Ve o an iki şey düşündüm. Birincisi korkudan ölecek gibi hissetmemdi, ikincisi ise başka bir gerçeklikti: Gökyüzüne âşık, uçmayı bu kadar seven pilot Tugay Demir Çeviker'ın avukatı Eftalya Atalar yüksekten korkuyordu. Her anlamda zıt olmakta üstümüze yoktu ve bu çok yaralayıcıydı.

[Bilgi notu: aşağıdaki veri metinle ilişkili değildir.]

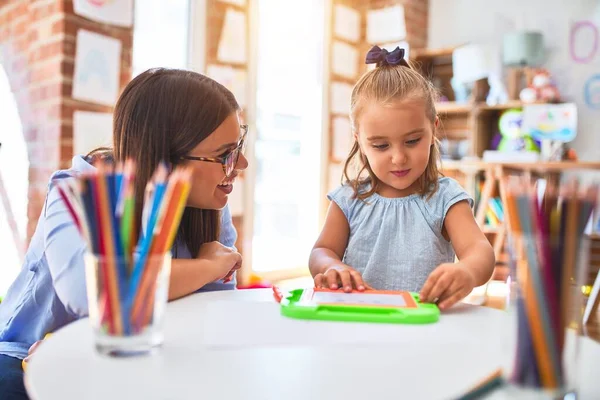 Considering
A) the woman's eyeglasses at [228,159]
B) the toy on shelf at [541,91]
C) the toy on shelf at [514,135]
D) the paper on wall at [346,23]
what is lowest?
the woman's eyeglasses at [228,159]

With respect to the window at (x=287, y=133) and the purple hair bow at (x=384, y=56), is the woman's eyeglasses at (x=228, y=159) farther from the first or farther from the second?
the window at (x=287, y=133)

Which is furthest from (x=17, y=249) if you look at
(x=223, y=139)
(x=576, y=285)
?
(x=576, y=285)

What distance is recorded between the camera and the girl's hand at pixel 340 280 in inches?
36.1

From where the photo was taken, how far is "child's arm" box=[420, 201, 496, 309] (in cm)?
83

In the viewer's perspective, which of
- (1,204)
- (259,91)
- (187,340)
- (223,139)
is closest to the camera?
(187,340)

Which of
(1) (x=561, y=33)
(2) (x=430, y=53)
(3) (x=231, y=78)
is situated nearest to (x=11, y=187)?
(3) (x=231, y=78)

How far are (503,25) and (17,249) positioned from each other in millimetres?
3600

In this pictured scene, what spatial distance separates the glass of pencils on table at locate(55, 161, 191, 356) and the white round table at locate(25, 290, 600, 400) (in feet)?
0.10

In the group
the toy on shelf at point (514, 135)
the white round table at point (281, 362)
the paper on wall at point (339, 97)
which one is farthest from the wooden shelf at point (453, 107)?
the white round table at point (281, 362)

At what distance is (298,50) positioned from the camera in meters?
4.14

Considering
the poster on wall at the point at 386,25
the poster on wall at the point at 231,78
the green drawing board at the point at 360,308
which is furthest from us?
the poster on wall at the point at 386,25

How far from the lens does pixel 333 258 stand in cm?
122

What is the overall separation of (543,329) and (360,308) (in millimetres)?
344

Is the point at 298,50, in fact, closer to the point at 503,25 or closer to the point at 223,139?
the point at 503,25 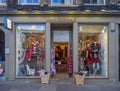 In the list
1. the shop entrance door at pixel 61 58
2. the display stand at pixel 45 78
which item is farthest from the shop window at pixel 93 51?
the display stand at pixel 45 78

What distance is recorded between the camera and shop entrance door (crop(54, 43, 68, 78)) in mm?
20078

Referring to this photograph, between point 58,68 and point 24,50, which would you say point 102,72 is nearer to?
point 58,68

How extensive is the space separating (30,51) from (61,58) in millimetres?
2309

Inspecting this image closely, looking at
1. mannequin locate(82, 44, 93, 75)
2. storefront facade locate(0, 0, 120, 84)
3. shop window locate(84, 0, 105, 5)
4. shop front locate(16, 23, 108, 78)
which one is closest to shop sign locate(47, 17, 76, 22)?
storefront facade locate(0, 0, 120, 84)

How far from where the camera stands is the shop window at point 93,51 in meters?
19.0

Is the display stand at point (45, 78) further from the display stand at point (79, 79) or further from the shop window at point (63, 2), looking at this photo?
the shop window at point (63, 2)

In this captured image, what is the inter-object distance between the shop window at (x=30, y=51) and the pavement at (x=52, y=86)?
3.95 ft

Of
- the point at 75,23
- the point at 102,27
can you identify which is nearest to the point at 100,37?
the point at 102,27

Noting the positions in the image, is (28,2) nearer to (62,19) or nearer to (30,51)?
(62,19)

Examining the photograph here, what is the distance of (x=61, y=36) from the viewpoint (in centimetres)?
1969

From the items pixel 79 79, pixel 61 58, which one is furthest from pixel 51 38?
pixel 79 79

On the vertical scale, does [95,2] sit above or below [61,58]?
above

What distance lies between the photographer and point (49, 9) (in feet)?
61.1

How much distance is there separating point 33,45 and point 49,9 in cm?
227
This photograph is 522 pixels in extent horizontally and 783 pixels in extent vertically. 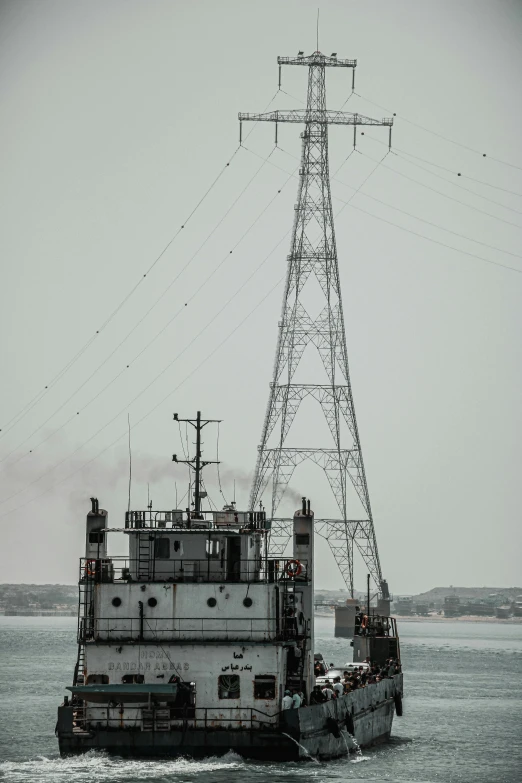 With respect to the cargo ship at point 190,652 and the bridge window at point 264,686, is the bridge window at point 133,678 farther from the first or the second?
the bridge window at point 264,686

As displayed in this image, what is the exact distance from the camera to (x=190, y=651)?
4281 cm

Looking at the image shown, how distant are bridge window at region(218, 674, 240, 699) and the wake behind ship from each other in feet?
0.10

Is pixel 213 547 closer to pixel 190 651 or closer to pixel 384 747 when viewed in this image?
pixel 190 651

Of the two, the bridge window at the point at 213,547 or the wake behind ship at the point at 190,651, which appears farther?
the bridge window at the point at 213,547

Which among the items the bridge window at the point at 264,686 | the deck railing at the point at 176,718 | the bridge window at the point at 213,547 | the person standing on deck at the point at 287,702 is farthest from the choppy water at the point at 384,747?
the bridge window at the point at 213,547

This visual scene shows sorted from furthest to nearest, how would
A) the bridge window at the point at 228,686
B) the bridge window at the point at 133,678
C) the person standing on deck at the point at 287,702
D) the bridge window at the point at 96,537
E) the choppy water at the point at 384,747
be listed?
the bridge window at the point at 96,537 < the bridge window at the point at 133,678 < the bridge window at the point at 228,686 < the person standing on deck at the point at 287,702 < the choppy water at the point at 384,747

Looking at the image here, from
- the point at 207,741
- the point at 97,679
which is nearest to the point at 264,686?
the point at 207,741

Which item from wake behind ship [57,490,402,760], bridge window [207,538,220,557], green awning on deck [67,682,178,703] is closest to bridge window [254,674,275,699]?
wake behind ship [57,490,402,760]

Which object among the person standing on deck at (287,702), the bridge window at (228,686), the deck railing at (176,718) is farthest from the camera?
the bridge window at (228,686)

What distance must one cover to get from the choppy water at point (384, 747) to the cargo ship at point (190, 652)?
0.73 m

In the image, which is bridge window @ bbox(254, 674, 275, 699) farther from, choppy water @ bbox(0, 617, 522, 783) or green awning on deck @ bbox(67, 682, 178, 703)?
green awning on deck @ bbox(67, 682, 178, 703)

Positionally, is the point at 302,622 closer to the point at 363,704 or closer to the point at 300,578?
the point at 300,578

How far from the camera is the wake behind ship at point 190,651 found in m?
41.8

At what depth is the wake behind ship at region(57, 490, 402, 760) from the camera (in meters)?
41.8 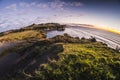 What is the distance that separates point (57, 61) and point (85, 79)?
1.48 metres

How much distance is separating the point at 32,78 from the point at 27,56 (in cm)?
238

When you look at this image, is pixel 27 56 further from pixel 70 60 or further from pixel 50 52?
pixel 70 60

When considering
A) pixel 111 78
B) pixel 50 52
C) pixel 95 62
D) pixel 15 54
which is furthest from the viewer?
pixel 15 54

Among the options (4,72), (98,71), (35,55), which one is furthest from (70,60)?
(4,72)

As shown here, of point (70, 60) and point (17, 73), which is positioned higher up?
point (70, 60)

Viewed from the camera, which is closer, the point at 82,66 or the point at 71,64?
the point at 82,66

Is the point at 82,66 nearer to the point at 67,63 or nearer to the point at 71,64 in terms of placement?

Yardım beklemeden ayağa kalktığımda Ölüm Timi'yle karşılaştım. Onların da yüzünde kar maskeleri vardı ama tam karşımdaki kim olduğunu elbette biliyordum. Sol elindeki silah, sağ elindeki mandalinayla Marco.
Hemen karşısına Giray geçti, birkaç saniye bakıştılar. Gerileceğimizi düşündüm ama Marco mandalina uzatıp, "Vitamin," dedi kısık bir sesle. "Yer misin? İyi gelir."
Giray güldü; içten bir gülüştü, ardından Marco'yu kendine çekip sarıldığında aynı şekilde karşılık buldu. Marco, Giray'ın boynuna sarılırken ağzına bir mandalina atıp bana göz kırptı ve geri çekildiklerinde ikisinin de bakışlarında aynı ifade vardı. Minnet ve sevgi.
"Ölü bir adama göre fazla canlısın GPÇ fakat yine de bu savaş işleri seni yaşlandırmış," dedi Marco yarı alaylı yarı ciddi. "Açık konuş, beni çok özledin değil mi?"
"Sana küflenmiş mandalinalar gönderecek kadar," diyen Giray yeniden güldü.
"Abi," diyen Javier, Sinan'ın arkasından çatıya çıkmıştı. "Bozmak istemem ama romantik bir şarkı eşliğinde kavuşmanızı bir dinamit patlatabilir, artık gidelim."
Marco başını salladı ve arkasındaki diğer binanın giriş kısmını göstererek, "Bu taraftan," dedi sakin bir sesle, ardından bana baktı. "Ve bu iyiliğim de karşılıksız kalmayacak arkadaşlar. Bana borcunuz var."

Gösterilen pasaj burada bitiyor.